ALMATY, Kazakhstan -- Three women have demonstrated outside the Chinese Consulate in Kazakhstan's largest city, Almaty, to demand the release of their relatives in China's northwestern region of Xinjiang.
Farida Qabylbek, Gulnur Qosdauletqyzy, and Nurzat Ermekba displayed their relatives' pictures and posters as they launched their protest on February 8.
Qabylbek said her husband, Rakhyzhan Zeinolla, who is a naturalized Kazakh citizen, spent 13 years in prison in Xinjiang on espionage charges before he was sent to a so-called reeducation camp, where he spent one year and is currently under house arrest.
Qosdauletqyzy and Ermekbai said their relatives in Xinjiang had been taken away by the police and kept incommunicado for years. They said they feared that their relatives are in the reeducation camps.
Consulate security officials met the women and told them that consulate officials, citing pandemic precautions, would not meet with them.
A city administration official, Rita Ermanova, came to the site and told the women that their demonstration was illegal, but the women refused to leave.
Many similar protests have taken place in Kazakhstan in recent years, with demonstrators demanding the Kazakh authorities officially intervene in the situation faced by ethnic Kazakhs in Xinjiang.

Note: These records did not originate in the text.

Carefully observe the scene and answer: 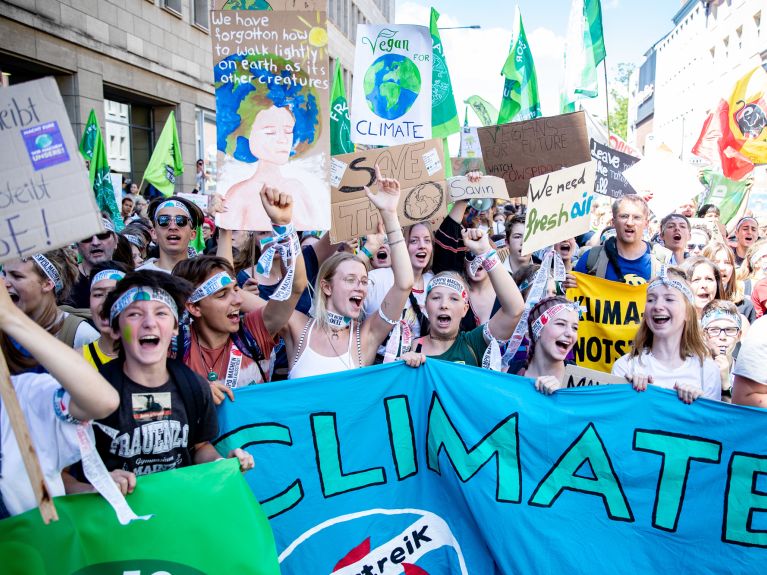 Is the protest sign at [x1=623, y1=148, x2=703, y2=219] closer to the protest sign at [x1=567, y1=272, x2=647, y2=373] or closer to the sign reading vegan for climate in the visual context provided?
the sign reading vegan for climate

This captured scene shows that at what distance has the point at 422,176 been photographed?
5246mm

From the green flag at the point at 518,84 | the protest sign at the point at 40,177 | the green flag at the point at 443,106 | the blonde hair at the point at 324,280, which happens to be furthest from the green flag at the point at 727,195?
the protest sign at the point at 40,177

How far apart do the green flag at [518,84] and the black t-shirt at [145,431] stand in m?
9.23

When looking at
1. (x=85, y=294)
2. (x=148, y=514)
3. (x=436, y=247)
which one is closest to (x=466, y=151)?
(x=436, y=247)

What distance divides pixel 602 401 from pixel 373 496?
1.13 m

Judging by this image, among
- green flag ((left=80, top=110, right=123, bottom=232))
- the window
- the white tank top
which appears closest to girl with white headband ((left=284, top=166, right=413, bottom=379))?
the white tank top

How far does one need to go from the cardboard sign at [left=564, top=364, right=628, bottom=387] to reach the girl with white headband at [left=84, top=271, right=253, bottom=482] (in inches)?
69.4

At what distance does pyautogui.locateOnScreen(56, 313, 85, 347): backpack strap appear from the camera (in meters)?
3.59

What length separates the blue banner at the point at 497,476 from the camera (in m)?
3.15

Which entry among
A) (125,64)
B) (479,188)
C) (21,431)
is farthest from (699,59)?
(21,431)

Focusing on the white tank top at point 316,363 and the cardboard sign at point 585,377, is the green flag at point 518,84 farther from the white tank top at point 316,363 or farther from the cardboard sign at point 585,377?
the white tank top at point 316,363

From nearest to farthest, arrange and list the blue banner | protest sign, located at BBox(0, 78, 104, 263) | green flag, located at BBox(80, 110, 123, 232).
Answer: protest sign, located at BBox(0, 78, 104, 263), the blue banner, green flag, located at BBox(80, 110, 123, 232)

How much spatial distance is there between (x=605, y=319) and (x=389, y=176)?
5.87ft

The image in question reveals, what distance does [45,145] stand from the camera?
7.54ft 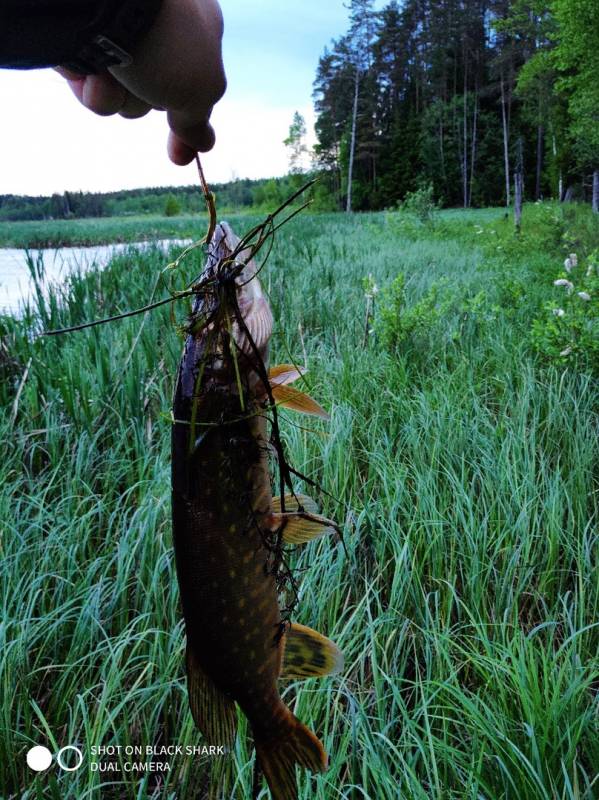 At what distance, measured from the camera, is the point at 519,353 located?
351 centimetres

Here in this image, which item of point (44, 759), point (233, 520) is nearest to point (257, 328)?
point (233, 520)

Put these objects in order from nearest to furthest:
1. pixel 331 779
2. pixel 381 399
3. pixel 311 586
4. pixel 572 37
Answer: pixel 331 779 < pixel 311 586 < pixel 381 399 < pixel 572 37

The U.S. State Department has said as many as 2 million Uyghurs, Kazakhs, and members of Xinjiang's other indigenous, mostly Muslim, ethnic groups have been taken to detention centers.
China denies that the facilities are internment camps.
People who have fled the province say that thousands of ethnic Kazakhs, Uyghurs, and other Muslims in Xinjiang are undergoing "political indoctrination" at a network of facilities known officially as reeducation camps.
Kazakhs are the second-largest Turkic-speaking indigenous community in Xinjiang after Uyghurs. The region is also home to ethnic Kyrgyz, Tajiks, and Hui, also known as Dungans. Han, China's largest ethnicity, is the second-largest community in Xinjiang.